In Allan v. Pennsylvania Higher Education Assistance Agency, the Sixth Circuit weighed in on the definition of an ATDS, joining the Second and Ninth Circuits in reading it expansively. The opinion was issued twenty days after the Supreme Court agreed to review this issue, following a growing split among the circuit courts. (Click these links for our previous blogposts about decisions from the Second, Seventh, Eleventh, Ninth, Third, and D.C. Circuits.)
Allan considered whether a device that dials from a stored list of numbers but cannot randomly or sequentially generate those numbers—like the Avaya system used by the defendant—qualifies as an ATDS. The court concluded that it does, expressly rejecting the “plain text readings” adopted by several other circuits as “too labored and problematic.” The court found that the role of the phrase “to store” in a plain-text reading was either strained, superfluous, or lacking a direct object, making such an interpretation “unworkable.”
The court instead adopted the Second and Ninth Circuits’ approach, finding the text of the statute of ambiguous and then looking to other provisions within the statute to construct the definition. The court concluded that two provisions involving calls made to known recipients provide implicit support for including within the ambit of the TCPA devices that dial from a stored list of numbers. Specifically, the court reasoned that the TCPA’s consent exception for calls made to “known, consenting recipients implies that the autodialer ban applies to stored-number systems.” It further reasoned that the government-debt-collection exception, which was added to the statute in 2015 and was recently invalidated by the Supreme Court in Barr v.

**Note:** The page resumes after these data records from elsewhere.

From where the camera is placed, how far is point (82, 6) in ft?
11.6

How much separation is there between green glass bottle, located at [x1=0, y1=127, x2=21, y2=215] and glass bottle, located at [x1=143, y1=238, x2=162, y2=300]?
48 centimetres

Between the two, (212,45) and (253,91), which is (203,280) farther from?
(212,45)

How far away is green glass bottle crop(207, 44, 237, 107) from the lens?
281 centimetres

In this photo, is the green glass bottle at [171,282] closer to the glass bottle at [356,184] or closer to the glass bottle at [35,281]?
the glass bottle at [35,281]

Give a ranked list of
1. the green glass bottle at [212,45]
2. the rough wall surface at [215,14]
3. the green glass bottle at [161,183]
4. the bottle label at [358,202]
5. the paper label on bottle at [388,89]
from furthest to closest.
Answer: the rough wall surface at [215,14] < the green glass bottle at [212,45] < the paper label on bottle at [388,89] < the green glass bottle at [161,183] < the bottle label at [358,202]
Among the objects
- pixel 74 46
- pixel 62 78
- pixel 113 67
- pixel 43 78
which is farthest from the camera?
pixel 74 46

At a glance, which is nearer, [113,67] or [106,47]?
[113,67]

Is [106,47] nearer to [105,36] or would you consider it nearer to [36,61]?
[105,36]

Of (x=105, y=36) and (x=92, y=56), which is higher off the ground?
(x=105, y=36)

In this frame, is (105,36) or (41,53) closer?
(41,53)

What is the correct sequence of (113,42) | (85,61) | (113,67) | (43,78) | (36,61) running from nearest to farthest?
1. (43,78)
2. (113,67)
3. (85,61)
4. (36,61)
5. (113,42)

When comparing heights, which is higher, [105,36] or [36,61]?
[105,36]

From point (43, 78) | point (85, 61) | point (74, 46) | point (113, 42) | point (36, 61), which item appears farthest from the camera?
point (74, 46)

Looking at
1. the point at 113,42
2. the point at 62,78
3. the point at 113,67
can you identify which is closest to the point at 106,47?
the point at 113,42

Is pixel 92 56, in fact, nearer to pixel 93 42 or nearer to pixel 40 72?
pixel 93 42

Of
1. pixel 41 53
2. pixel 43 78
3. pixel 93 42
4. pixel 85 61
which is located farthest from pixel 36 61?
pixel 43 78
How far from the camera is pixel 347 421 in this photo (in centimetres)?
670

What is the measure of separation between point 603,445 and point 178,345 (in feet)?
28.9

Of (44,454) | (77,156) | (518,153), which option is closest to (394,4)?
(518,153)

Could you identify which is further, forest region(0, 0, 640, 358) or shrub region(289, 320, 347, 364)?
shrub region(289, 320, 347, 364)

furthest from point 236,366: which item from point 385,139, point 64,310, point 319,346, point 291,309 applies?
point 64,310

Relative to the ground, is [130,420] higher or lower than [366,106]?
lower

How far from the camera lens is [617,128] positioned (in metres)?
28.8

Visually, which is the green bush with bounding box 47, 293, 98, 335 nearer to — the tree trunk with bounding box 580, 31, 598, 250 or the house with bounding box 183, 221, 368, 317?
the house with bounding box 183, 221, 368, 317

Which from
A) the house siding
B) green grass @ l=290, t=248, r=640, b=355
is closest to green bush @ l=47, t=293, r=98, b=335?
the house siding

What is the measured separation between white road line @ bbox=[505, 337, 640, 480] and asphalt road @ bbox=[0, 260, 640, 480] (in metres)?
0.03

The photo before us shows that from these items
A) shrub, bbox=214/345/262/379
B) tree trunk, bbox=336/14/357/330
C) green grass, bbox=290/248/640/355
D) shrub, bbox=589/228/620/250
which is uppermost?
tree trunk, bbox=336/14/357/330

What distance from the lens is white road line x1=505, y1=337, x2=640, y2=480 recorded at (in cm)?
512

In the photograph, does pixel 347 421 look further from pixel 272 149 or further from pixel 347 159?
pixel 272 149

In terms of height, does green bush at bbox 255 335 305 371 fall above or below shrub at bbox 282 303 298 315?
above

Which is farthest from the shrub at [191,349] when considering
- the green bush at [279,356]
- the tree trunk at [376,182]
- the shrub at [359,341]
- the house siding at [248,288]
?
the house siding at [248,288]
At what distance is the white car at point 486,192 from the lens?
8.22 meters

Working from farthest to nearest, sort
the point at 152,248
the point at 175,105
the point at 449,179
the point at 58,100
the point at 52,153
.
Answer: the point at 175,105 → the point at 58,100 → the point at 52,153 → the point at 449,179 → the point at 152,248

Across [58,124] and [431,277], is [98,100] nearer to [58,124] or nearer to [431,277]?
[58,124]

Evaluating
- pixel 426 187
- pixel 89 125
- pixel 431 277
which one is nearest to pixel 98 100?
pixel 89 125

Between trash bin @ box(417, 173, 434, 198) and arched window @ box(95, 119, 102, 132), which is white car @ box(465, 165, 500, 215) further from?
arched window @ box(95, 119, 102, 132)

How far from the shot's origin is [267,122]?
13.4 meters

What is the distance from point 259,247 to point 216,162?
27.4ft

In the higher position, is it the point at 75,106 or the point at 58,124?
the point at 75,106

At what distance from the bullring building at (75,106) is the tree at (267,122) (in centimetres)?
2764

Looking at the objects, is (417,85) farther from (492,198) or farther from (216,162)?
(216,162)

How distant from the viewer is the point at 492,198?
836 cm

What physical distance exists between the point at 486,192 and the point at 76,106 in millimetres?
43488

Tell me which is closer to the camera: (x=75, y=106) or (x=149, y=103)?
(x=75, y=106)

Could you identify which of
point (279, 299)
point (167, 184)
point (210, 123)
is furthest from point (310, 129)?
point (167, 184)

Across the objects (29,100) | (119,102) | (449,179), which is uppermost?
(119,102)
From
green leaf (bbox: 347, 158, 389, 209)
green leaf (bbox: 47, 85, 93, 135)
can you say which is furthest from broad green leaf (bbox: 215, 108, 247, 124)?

AAPC, also “implies that the autodialer ban covers stored-number systems” because such calls are made from a stored list of “known numbers, not random numbers.”
Allan also took issue with the Eleventh Circuit’s interpretation of the legislative and administrative history, concluding that “Congress intended to crack down on automated calls themselves—not just the technology making them possible at the time.” The court dismissed the Seventh and Eleventh Circuits’ concern that the expansive statutory interpretation adopted by the Second and Ninth (and now Sixth) Circuits would render nearly every device, including every smartphone, an ATDS. The court noted that while such a concern may be true today, it was not a concern at the time the TCPA was enacted in 1991. Moreover, Allan characterized such a concern as “unfounded” and a “parade of horribles.” The court posited that the D.C. Circuit had already dispatched with this concern when it set aside the FCC’s unreasonably expansive definition of “capacity.” To the Allan court then, using “smart phone autodialer software to call or message recipients en masse,” would create liability. “But the standard, non-automatic message or call would not[.]”
What may have been monumental just a few months ago is now just further evidence that the Supreme Court was right to agree to review this issue. One thing remains true–that the circuit split continues to be an impediment to a clear and predictable understanding of the TCPA’s autodialer restrictions on a nationwide level.